-- INPUT DATA follows --

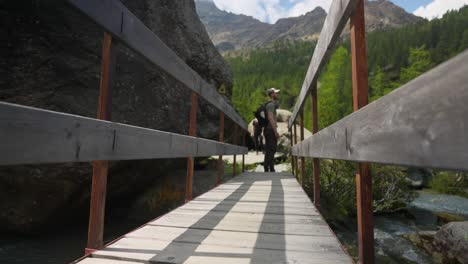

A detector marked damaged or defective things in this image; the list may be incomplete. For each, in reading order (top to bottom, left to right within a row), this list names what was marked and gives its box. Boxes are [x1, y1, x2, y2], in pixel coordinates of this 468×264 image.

rusty steel post [87, 31, 118, 254]
rusty steel post [352, 1, 372, 262]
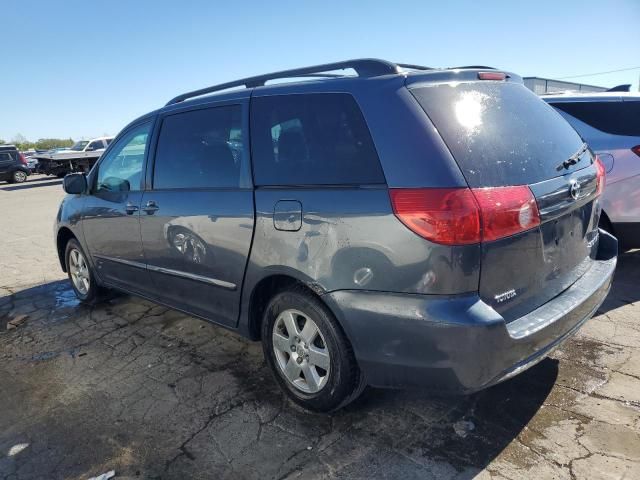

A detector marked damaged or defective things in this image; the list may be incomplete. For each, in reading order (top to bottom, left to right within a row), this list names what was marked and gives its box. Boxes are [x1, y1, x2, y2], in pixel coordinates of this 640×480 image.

cracked asphalt [1, 177, 640, 480]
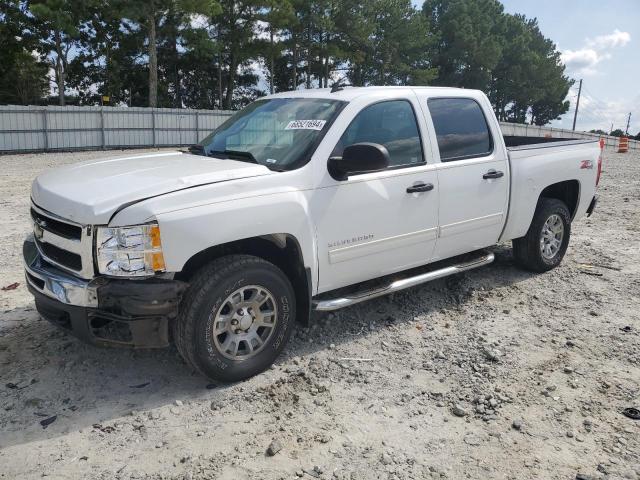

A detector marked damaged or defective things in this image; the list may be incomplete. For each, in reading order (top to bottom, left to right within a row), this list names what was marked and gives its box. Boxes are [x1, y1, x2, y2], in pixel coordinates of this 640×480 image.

damaged front bumper [23, 237, 186, 346]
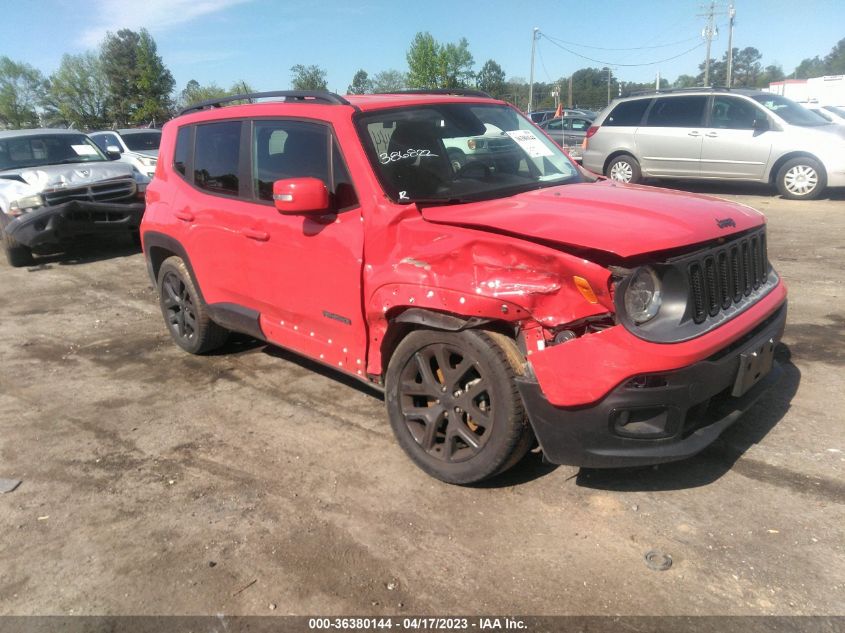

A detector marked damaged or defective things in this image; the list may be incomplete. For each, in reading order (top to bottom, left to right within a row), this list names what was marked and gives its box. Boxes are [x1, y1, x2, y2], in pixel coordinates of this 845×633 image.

damaged black car [0, 128, 148, 266]
broken headlight housing [624, 266, 664, 326]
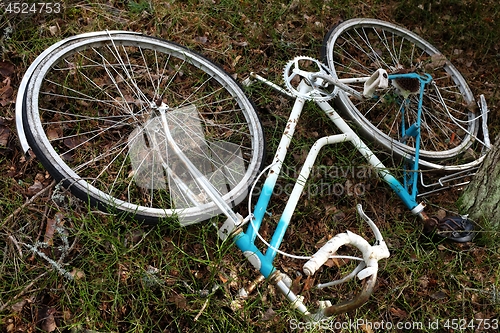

-- INPUT DATA concluded --

TASK.
In the copy, include no pictures; transcribe every record above verbatim.

TASK RESULT.
A detector marked damaged or defective things in this image; the list may be incomplete. For each, in reading order (top to bottom, left to right within a row), this list names what was marked and gives its box. Boxes are [x1, y1, x2, y2], in pixel coordinates of this 468×264 image.

rusty steel post [87, 31, 118, 254]
rusty steel post [352, 1, 372, 262]

A detector marked damaged or defective things in this image; the list may be incomplete. For each, in reading order (top to bottom, left to right within a row), this list names what was marked and gives its box. Boxes are [x1, y1, x2, y2], in pixel coordinates of this 640×480 image.

cracked asphalt [1, 177, 640, 480]

A detector marked damaged or defective things in this image; the list may be incomplete. For each, in reading order (top to bottom, left to right within a row), this list names what was marked and gives its box. Boxes are [x1, y1, x2, y2], in pixel coordinates of this 640×480 image.

damaged front bumper [23, 237, 186, 346]

A detector marked damaged or defective things in this image; the list may be incomplete. For each, in reading order (top to bottom, left to right within a row), this list names what was marked and gives its box. Boxes are [x1, y1, x2, y2], in pixel coordinates of this 845×633 image.

damaged black car [0, 128, 148, 266]
broken headlight housing [624, 266, 664, 326]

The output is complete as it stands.